Mr. Kirkland was still not satisfied.
“Yes, Spencer, but who are these Poles with Polish trucks? Why aren’t they interned themselves?—or are they all over military age?”
“Well, judging by what they do, I’d say they were not,” Spencer Westerman drawled, grinning broadly. “Maybe octogenarians could keep those trucks on the road, and drive them without lights at night to the frontier on dirt by-roads—but you’d hardly expect them to! No, this whole place is crawling with refugee Poles—perhaps some of them are really civilians, though they’d have a job to prove it, I fancy—and I gather they’re the ones who do it.”
“They couldn’t of course, unless it had been winked at,” said Count Tibor, who seemed quite complacent about his country’s un-neutral behaviour, which so worried Mrs.
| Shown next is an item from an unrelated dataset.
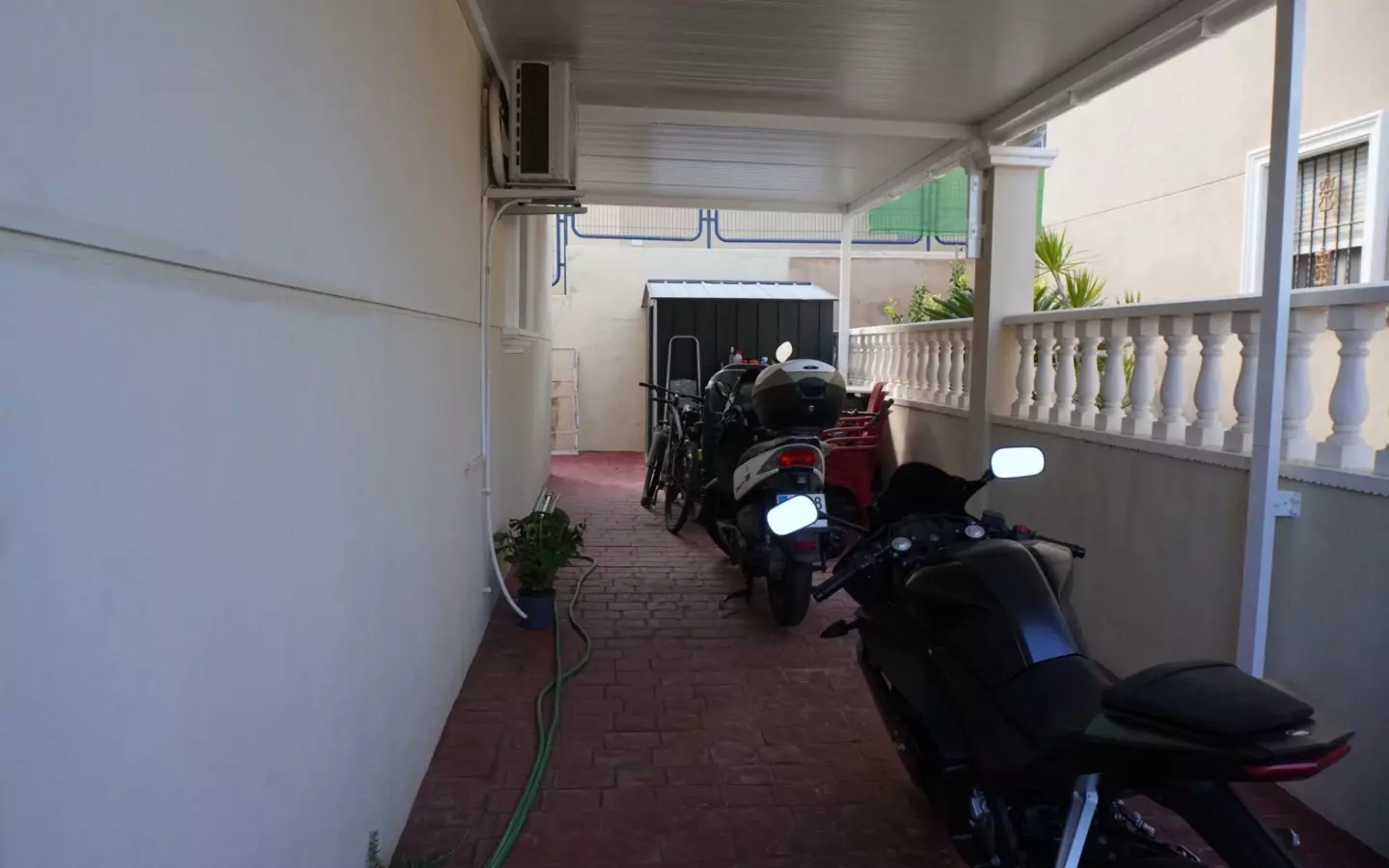 3-bedroom Villa In San Miguel De Salinas, Spain (120 M²)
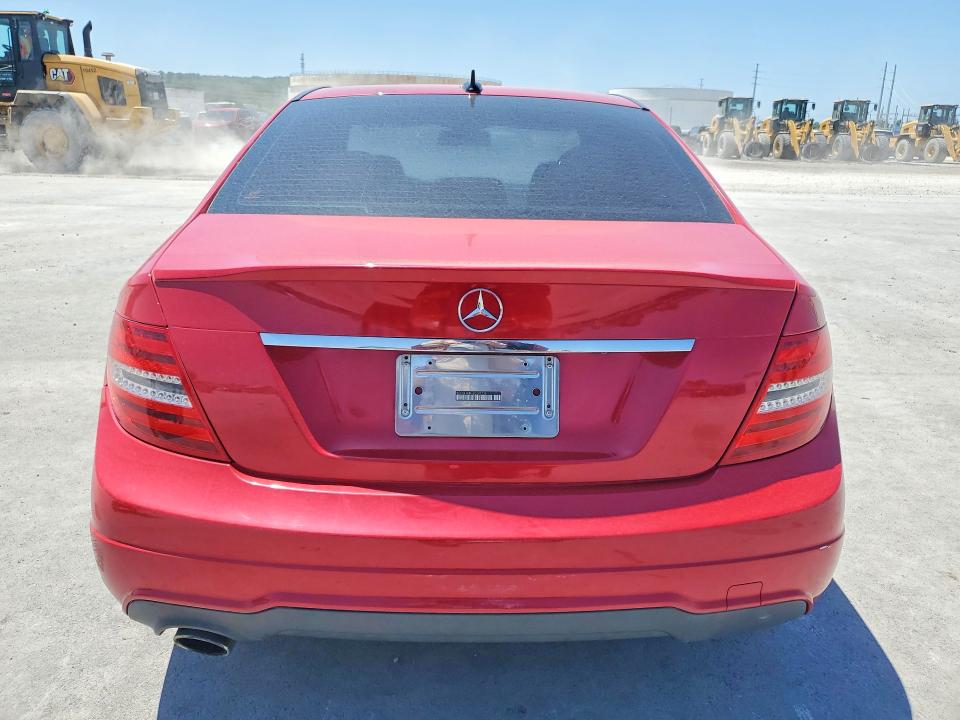 62535776 :رقم المزاد ، WDDGF4HB9EG242736 vin ، 2014 Mercedes-benz C مزاد بيع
Kirkland.
“Yes, Tibor; but it isn’t so easy any more,” Bill Hershey now put in. “The Germans are beginning to clamp down on all that; they’ve started up their damned Deuxième Bureau, which is really just a branch Gestapo, mostly staffed by Arrow Cross boys, I gather; and the Bureau is making life pretty awkward for the Polish refugees here. It isn’t your Government’s fault; they’ve been very courageous, I consider, and they’ve done a swell job, but they can’t help themselves any more. The pressure’s getting too strong. I think Teleki has stood up to the Germans marvellously—but you must remember that his capital is only three-and-a-half hours’ car-run from what is, effectively, the German frontier.”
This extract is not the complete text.